1. Jan 20, 2010

### krtica

Q: Find an equation of a plane through the point (3, -3, -2) which is parallel to the plane −2x+1y+4z=−6 in which the coefficient of x is -2.

The website asks you to format the answer equal to zero. My input is -2x+y+4z+23, but it shows wrong. I have checked my answer a couple of times, but am not sure how to approach it differently.

2. Jan 20, 2010

### tiny-tim

Welcome to PF!

Hi krtica!

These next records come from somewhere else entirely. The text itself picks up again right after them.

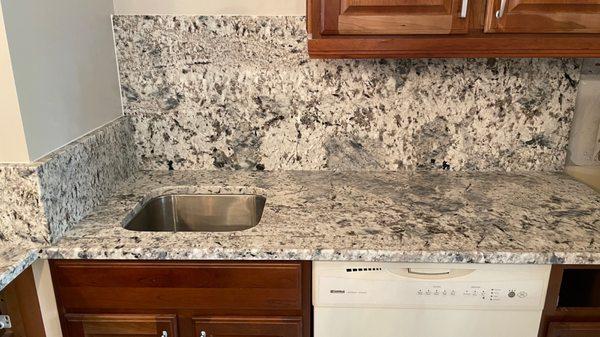 New bar top with full height backsplash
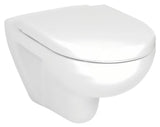 Bílé závěsné WC Jika Lyra Plus s otevřeným splachovacím kruhem a hladkým keramickým povrchem.
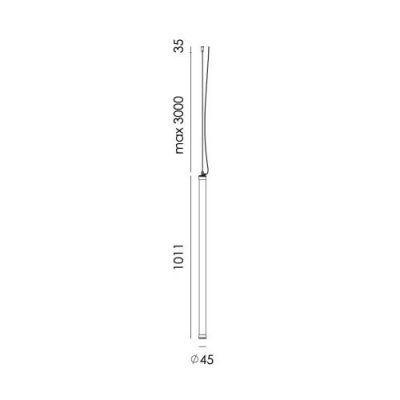 Tonone Mr. Tubes LED Pendant Vertical 1000 Hanglamp 2700K - Zwart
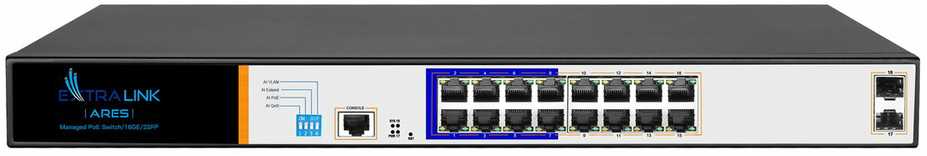 Šakotuvas Extralink ARES valdomas jungiklis 16xRJ45 GbE PoE/PoE+ 150W, 2x SFP, 19 colių stovas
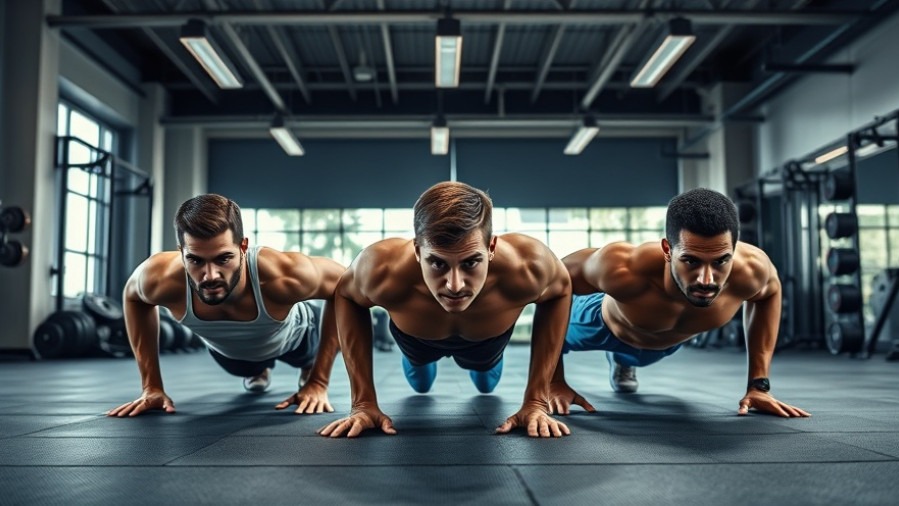 Diverse athletes performing pushups in a dynamic gym for bodyweight exercises.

Welcome to PF!

That doesn't go through (3, -3, -2).

3. Jan 20, 2010

### krtica

Re: Welcome to PF!

Thanks!

Isn't the equation for a plane a(x-xi)+b(y-yi)+c(z-zi)=0? Where a,b,c are the vector components?

4. Jan 20, 2010

### tiny-tim

Yes, but if you have actual numbers, it's a lot easier to write it as ax + by + cz = …, and just fill in the number so that it fits the given point.

5. Jan 20, 2010

### krtica

By filling in the numbers, do you mean substituting the point in x,y,z? I am not quite sure exactly what you mean, my apologies.

6. Jan 20, 2010

### tiny-tim

Yes, substituting the point in ax + by + cz …

then it's bound to go through that point, isn't it?

7. Jan 20, 2010

### krtica

God! Got it.

Thank you, I really do appreciate your help.